GIVEN MATERIAL:
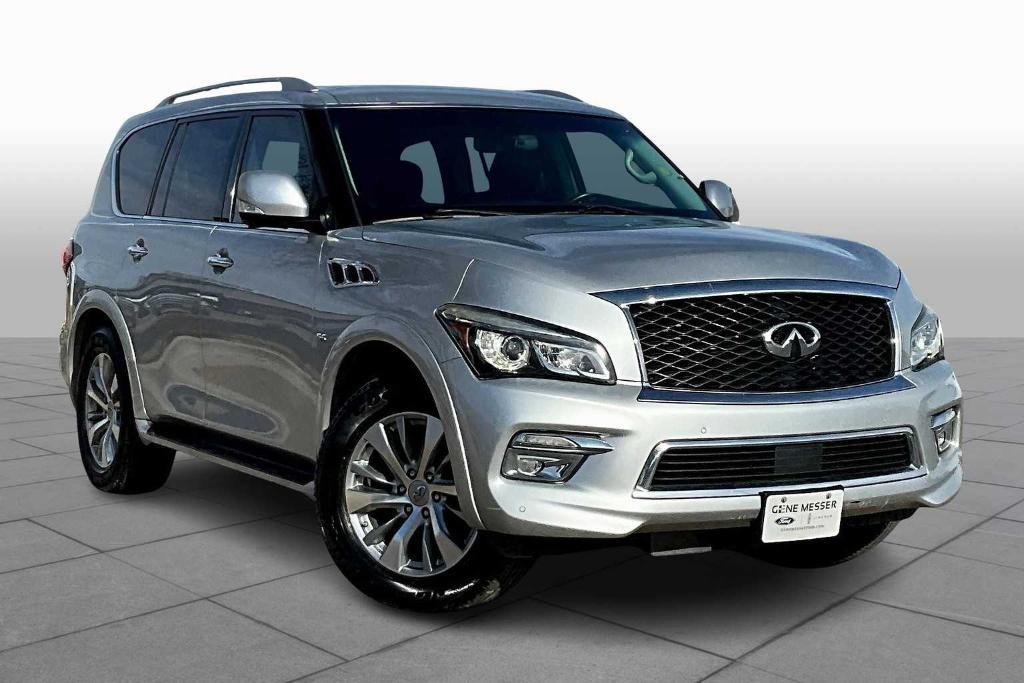 used 2017 INFINITI QX80 car, priced at $17,265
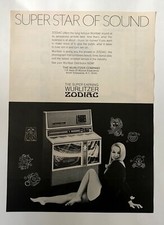 Wurlitzer zodiac jukebox 1971 - jukebox,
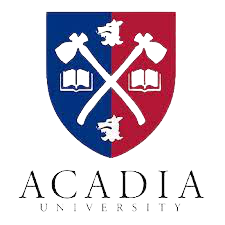 Acadia University logo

YOUR GOAL:
Output the material above exactly as written and drop any images it holds.

TASK RESPONSE:
 used 2017 INFINITI QX80 car, priced at $17,265
 Wurlitzer zodiac jukebox 1971 - jukebox,
 Acadia University logo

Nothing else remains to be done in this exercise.